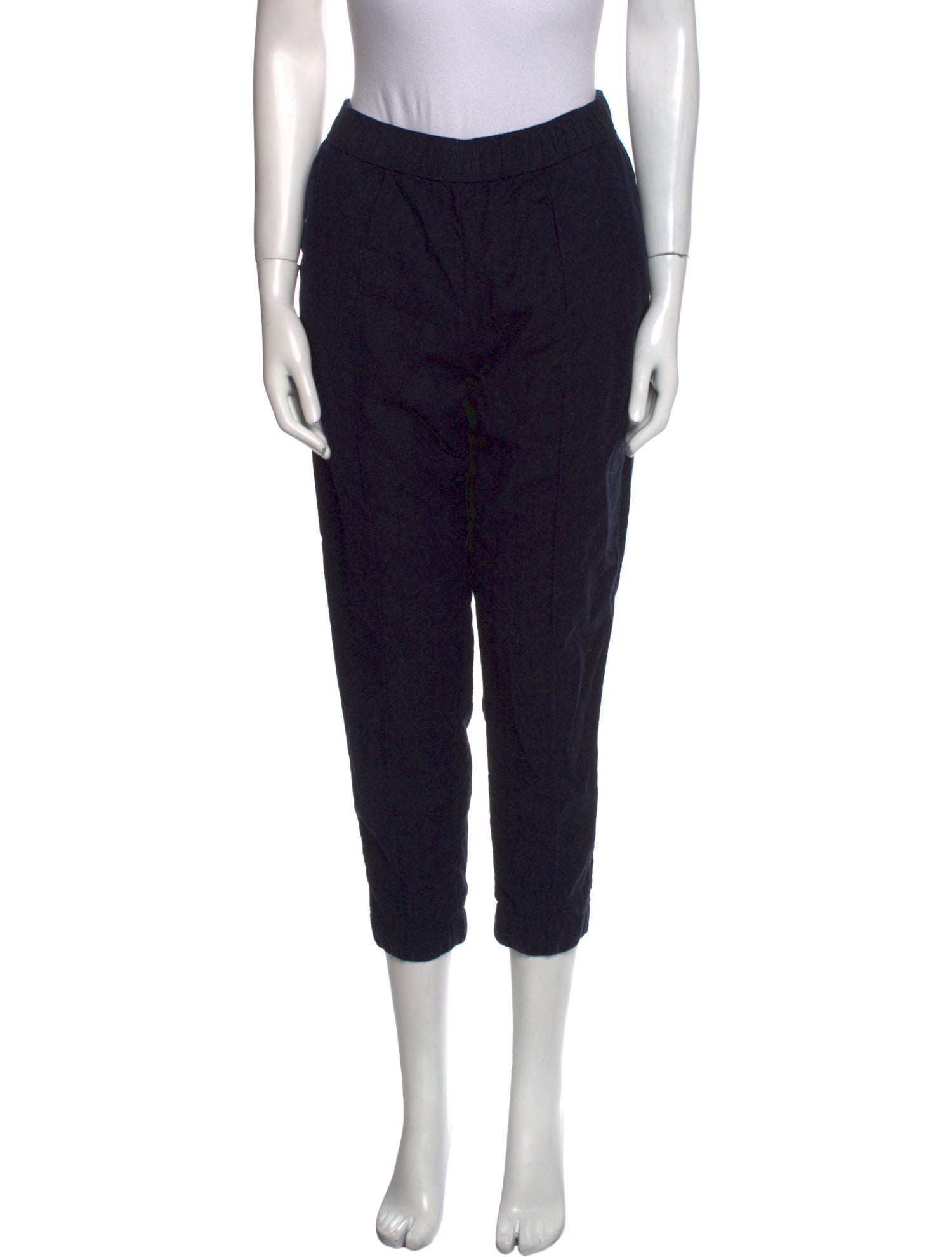 A.P.C. Wool Skinny Leg Pants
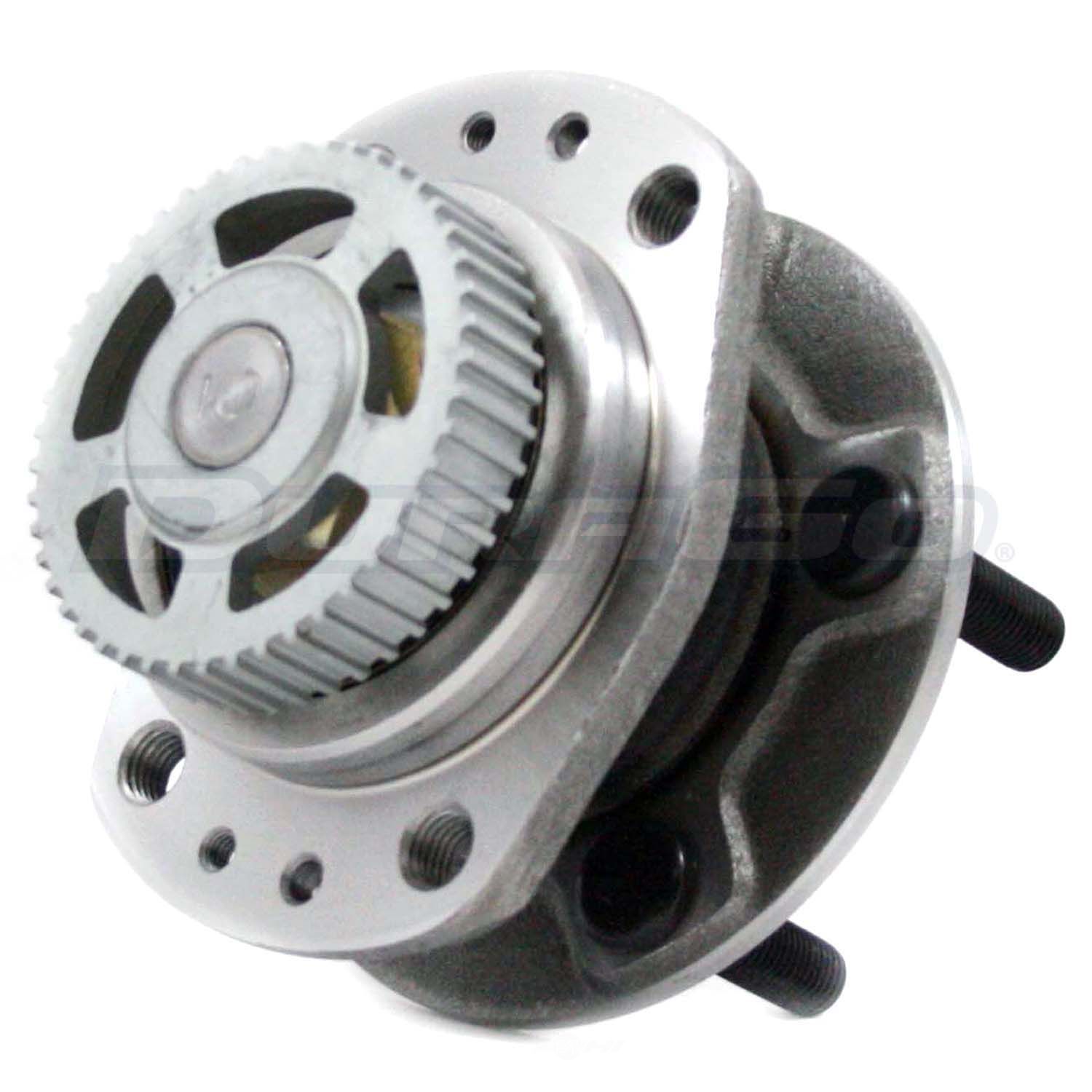 DURAGO - Wheel Bearing & Hub Assembly - D48 295-12155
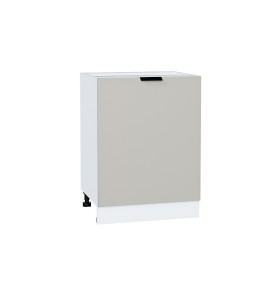 Шкаф нижний с 1-ой дверцей Евро, цвет: Агат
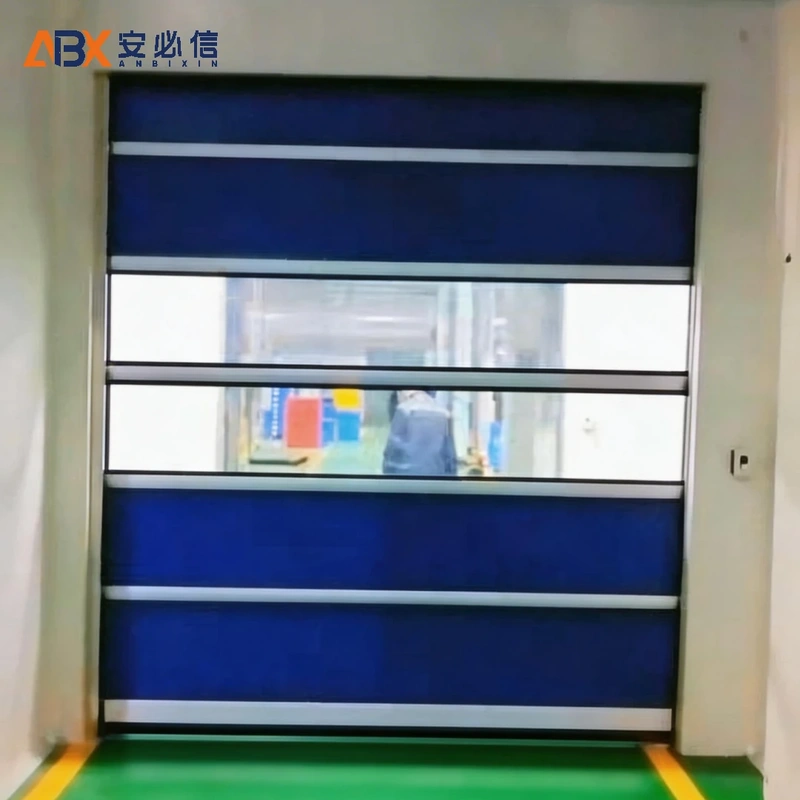 宁德市自动快速门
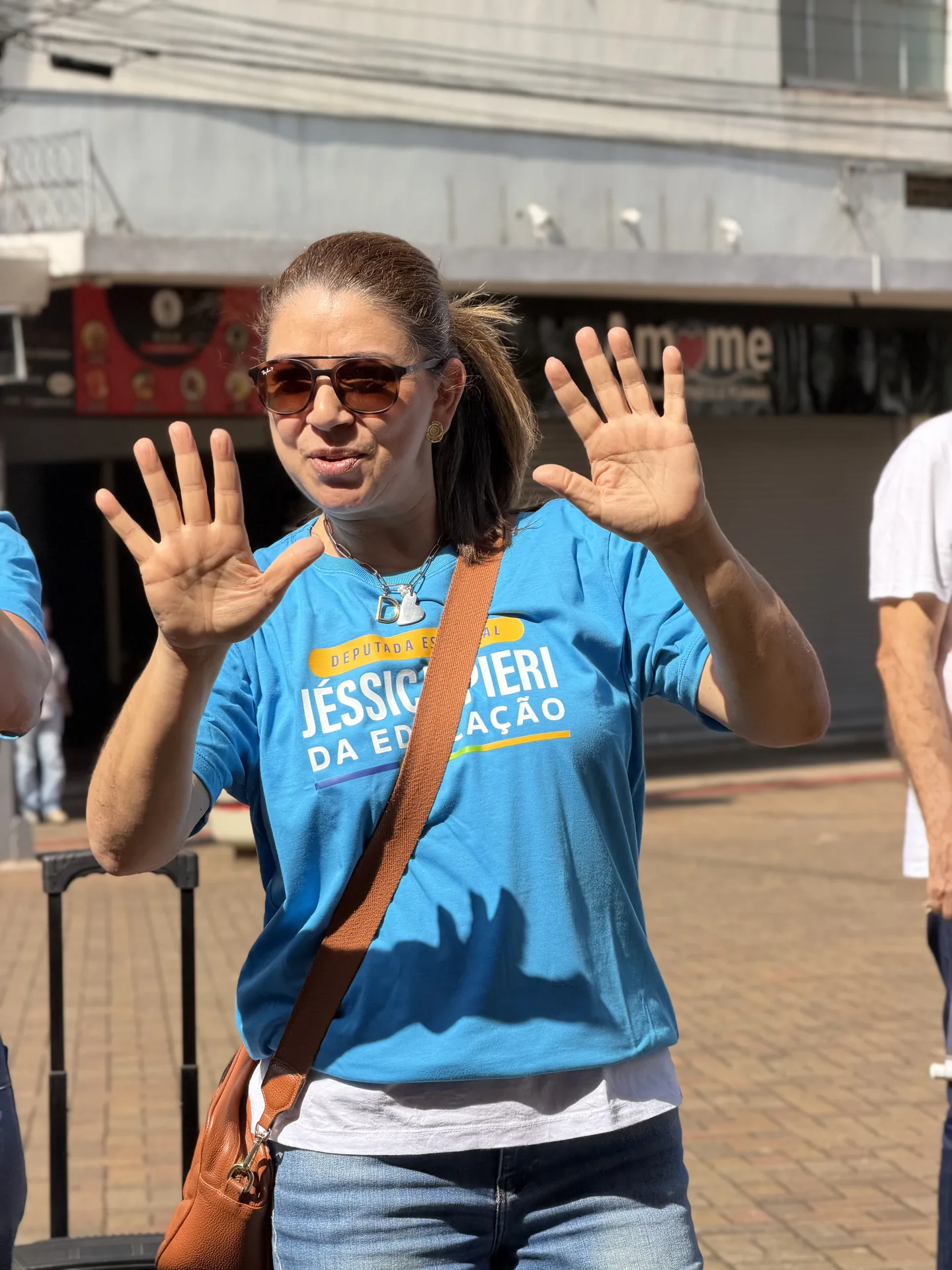 Foto 13 de Sábado no Calçadão de Londrina!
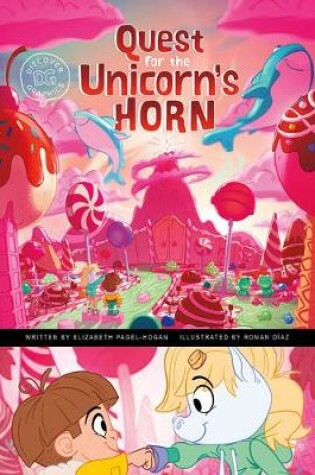 Cover of Quest for the Unicorn's Horn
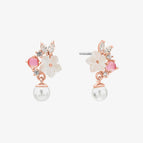 18k rose gold plated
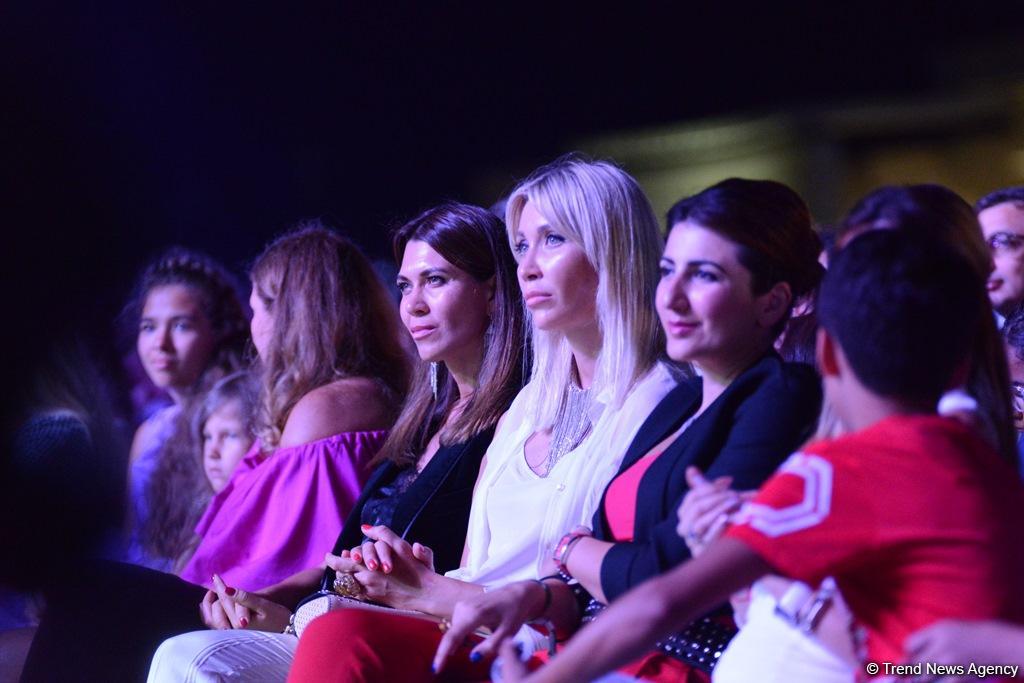 В Баку состоялось грандиозное закрытие международного фестиваля "ЖАРА-2017" (ФОТО)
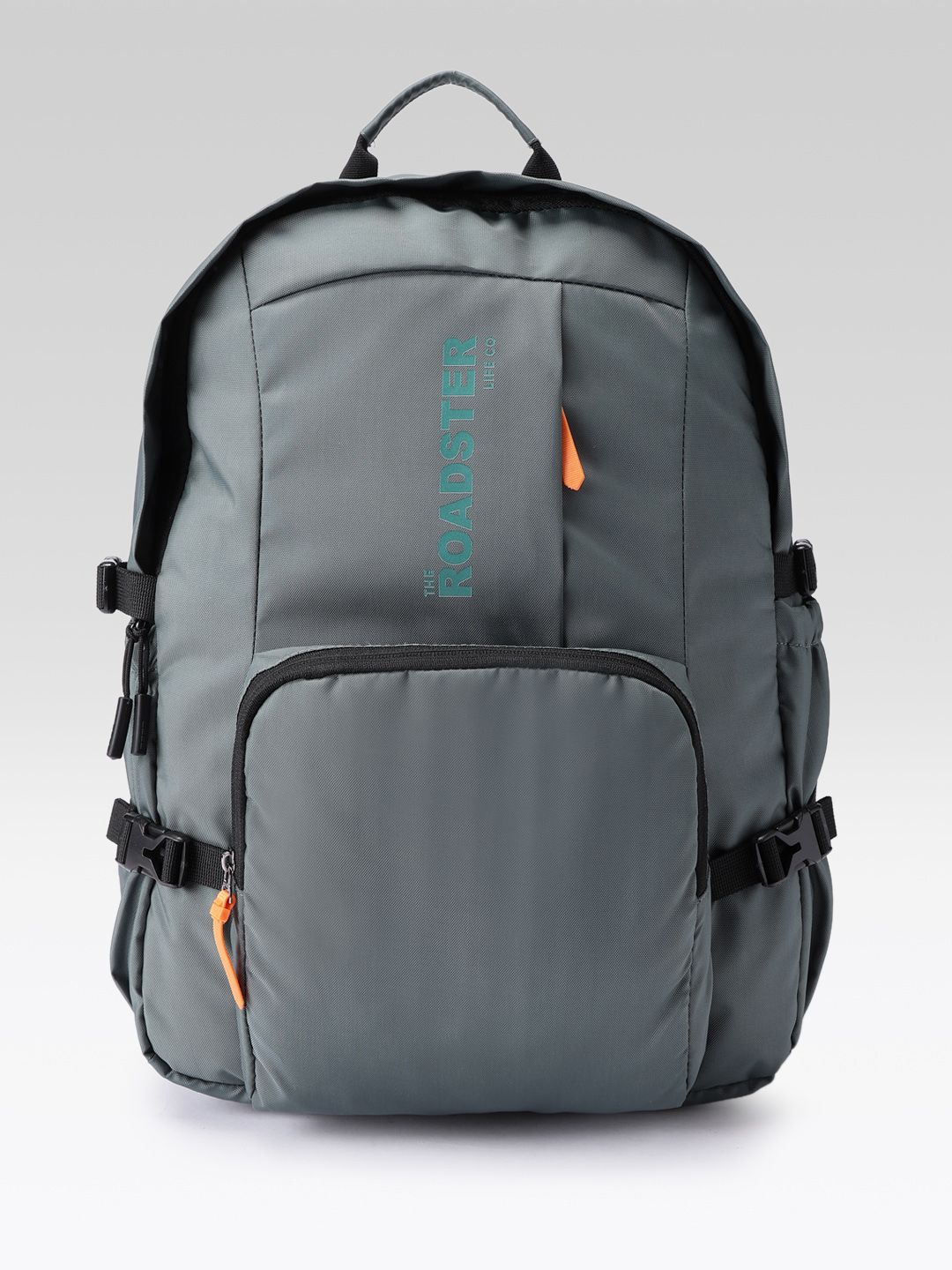 The Roadster Life Co. Unisex Brand Logo Printed Backpack-picture-17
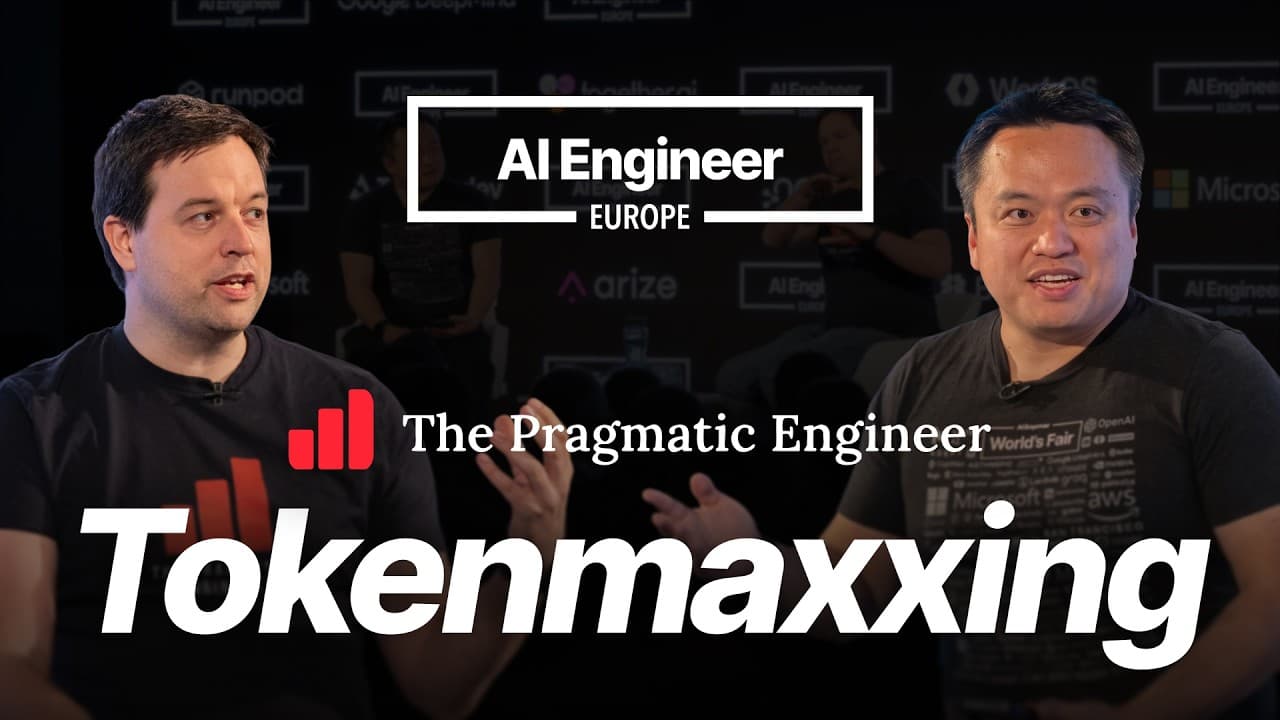 How AI is changing Software Engineering: A Conversation with Gergely Orosz, @pragmaticengineer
··········
» **YOUR ASSIGNMENT**: All of the entries above should be copied exactly, except for the pictures.

» **COMPLETED EXERCISE**:
 A.P.C. Wool Skinny Leg Pants
 DURAGO - Wheel Bearing & Hub Assembly - D48 295-12155
 Шкаф нижний с 1-ой дверцей Евро, цвет: Агат
 宁德市自动快速门
 Foto 13 de Sábado no Calçadão de Londrina!
 Cover of Quest for the Unicorn's Horn
 18k rose gold plated
 В Баку состоялось грандиозное закрытие международного фестиваля "ЖАРА-2017" (ФОТО)
 The Roadster Life Co. Unisex Brand Logo Printed Backpack-picture-17
 How AI is changing Software Engineering: A Conversation with Gergely Orosz, @pragmaticengineer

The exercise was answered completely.